*** Opening of Available data ***
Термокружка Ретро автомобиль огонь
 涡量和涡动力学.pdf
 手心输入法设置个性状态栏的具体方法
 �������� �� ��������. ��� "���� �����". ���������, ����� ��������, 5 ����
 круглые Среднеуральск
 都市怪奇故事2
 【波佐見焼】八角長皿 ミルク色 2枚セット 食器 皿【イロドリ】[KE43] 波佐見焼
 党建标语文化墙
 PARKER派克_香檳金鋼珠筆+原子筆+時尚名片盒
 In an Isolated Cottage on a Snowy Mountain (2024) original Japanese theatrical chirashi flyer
*** Close of Available data ***
# [What you should do]
Transcribe the entire listing above exactly.

# [Exercise answer]
Термокружка Ретро автомобиль огонь
 涡量和涡动力学.pdf
 手心输入法设置个性状态栏的具体方法
 �������� �� ��������. ��� "���� �����". ���������, ����� ��������, 5 ����
 круглые Среднеуральск
 都市怪奇故事2
 【波佐見焼】八角長皿 ミルク色 2枚セット 食器 皿【イロドリ】[KE43] 波佐見焼
 党建标语文化墙
 PARKER派克_香檳金鋼珠筆+原子筆+時尚名片盒
 In an Isolated Cottage on a Snowy Mountain (2024) original Japanese theatrical chirashi flyer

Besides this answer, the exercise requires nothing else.